With a silhouetted image of a cigar-smoking bigwig reading a failing report card on its cover, a Washington think tank published a study revealing that 38 percent America’s top-paid CEOs were either booted, busted or bailed out over the past two decades.

The report, put together by Institute For Policy Studies, is the 20th annual installment in the think tank’s “Executive Excess” series.

This year’s edition, titled “Bailed Out, Booted, Busted: A 20-Year Review of America’s Top-Paid CEOs,” looks back at the 25 highest paid U.S. CEOs in each of the 20 years from 1993-2012—a time span which includes the years of corporate meltdowns like Enron and the financial crisis of the 2008.

“By the most basic of definitions,” nearly 40 percent of the 500 slots were occupied by chief executives that get a failing grade for performance, says the report, referring to the clear-cut metrics of bailouts and bankruptcies, firings and frauds used for this year’s performance analysis.

“Extensive research over recent years has exposed the chronic problem of ‘pay for poor performance,’ [but this prior] research generally defines performance narrowly, as a matter of shareholder returns,” the report notes.

Using more dramatic yardsticks of bailouts, ousters and fraud charges for the 20-year analysis, IPS reports that:

  • 112 of the 500 top-pay slots—22 percent—were associated with CEOs whose firms either ceased to exist or received taxpayer bailouts after the 2008 financial crash.
  • 39 of the 500 slots—8 percent—were associated with executive who were eventually fired.
  • A similar number—38 of the 500—led companies that wound up paying significant fines or settlements for financial fraud.

Even this “narrowly distinct lens on bad behaviors presents a stark picture of a pay system that encourages high-risk behavior and law breaking—at the expense of taxpayers and investors,” the IPS researchers assert.

In a video presentation released in conjunction with the report, IPS refers to a wider lens that might have exposed more problematic activities. “No statistics are available on how many [CEOs] fatten bottom lines by cutting corners on environmental protections, gutting employee pensions or cheating consumers,” says the voice-over on the video.
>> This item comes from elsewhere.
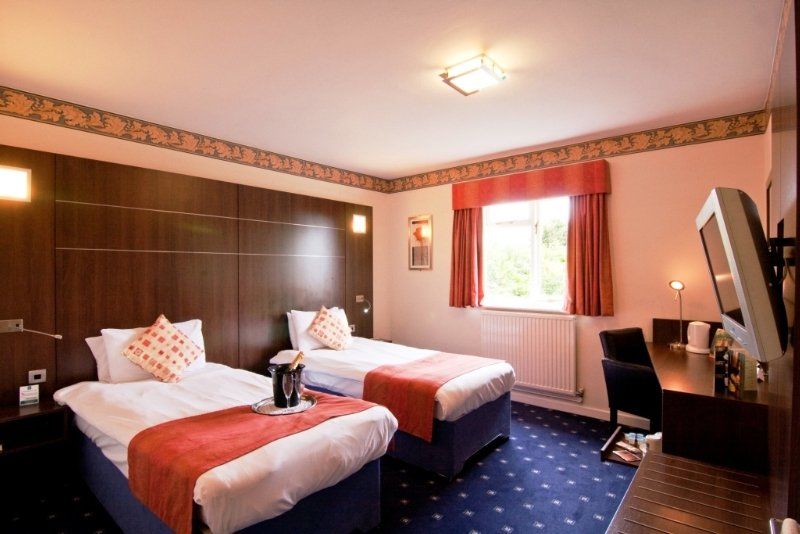Hotel Quality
The video also reveals that the executives included in the 500 pay slots “made more in a week than average workers could make in a year.” In fact, the average pay gap between large company CEOs and average American workers has grown from 195-to-1 in 1993 to 354-to-1 in 2012, the report says.
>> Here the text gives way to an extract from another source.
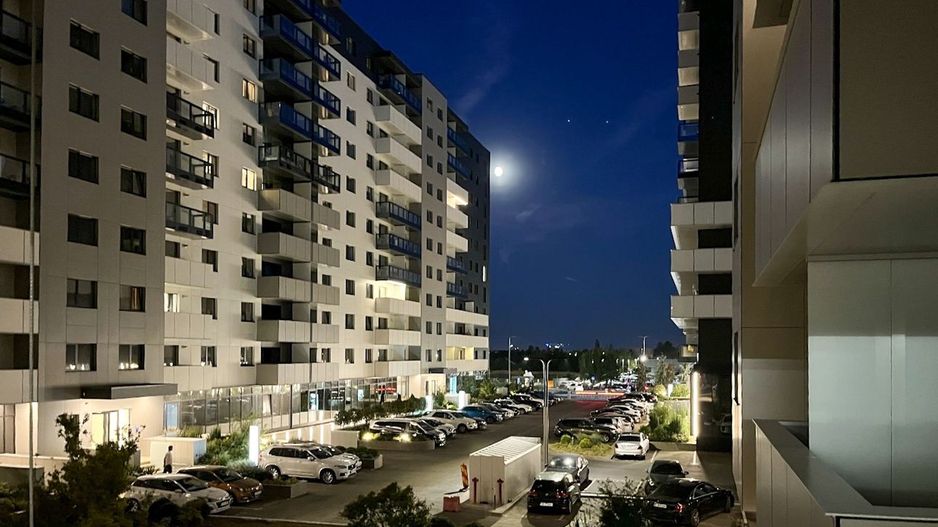 Chirie | Apartament 2 camere | Pipera - Poză 8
The report also reveals that the CEOs that were fired “jumped out the escape hatch with golden parachutes valued at $48 million, on average,” in spite of their poor performance.

Because some of the CEOs included in the IPS analysis made the annual lists of the top-25 highest paid CEOs in America multiple times, there are actually only 241 individuals on the list in total.

A footnote to the report notes that when CEOs qualified for more than one of the “poor performance” categories—for example, they were fired for fraud—they were only counted once.

Appendices to the report reveal that even the most seemingly clear-cut metrics are subject to some interpretation.

While bailout numbers are straightforward (drawn from the U.S. Department of the Treasury, Trouble Asset Relief Program, Transactions Report-Investment Programs, for the Period Ending May 22, 2013″), the report notes that “corporations tend to portray the firing of a CEO as a voluntary resignation” to avoid negative PR, legal and financial repercussions.

So how did IPS determine “involuntary resignations” for its “booted” list?

According to the report’s Appendix describing the methodology, “academic researchers have developed an accepted approach to classifying ‘forced turnover’ by relying on articles in reputable news sources that state that the CEO was fired, forced to resign or left following a policy disagreement or some other equivalent.”

Using this approach, insurance executive Maurice R. Greenberg, the former chairman and CEO of American International Group is first on the “booted” list on the basis of a New York Times Dealbook article from 2009 (“A.I.G. Lawyer Says Greenberg Lied to Rewrite History,” July 6, 2009).

To tally up pay slots for “busted” CEOs, IPS used online sources to document settlements and fines related to civil and criminal charges of fraudulent activities for the purpose of financial gain, setting a minimum of $100 million related to activities carried out while the CEO was leading the company.

The highest-paid CEO data, which is the backbone of the IPS analysis, is drawn from Wall Street Journal annual executive compensation surveys, and includes salary, bonus, long-term compensation (including gains from the exercise of stock options and the value of payouts under long-term incentive compensation plans), the report says.

In addition to the “poor performers” club detailed in the analysis, the IPS study also reports on several other clubs, including:

The Men’s Club, noting that only four women have made the top 25 lists over the past 20 years.

The $1 Billion Club, consisting of three CEOs who took in more than $1 billion in inflation-adjusted pay over the course of the past 20 years: Lawrence Ellison of Oracle, with $1.8 billion; Sanford Weill of Travelers and Citigroup, at $1.5 billion; Michael Eisner of Disney, $1.4 billion.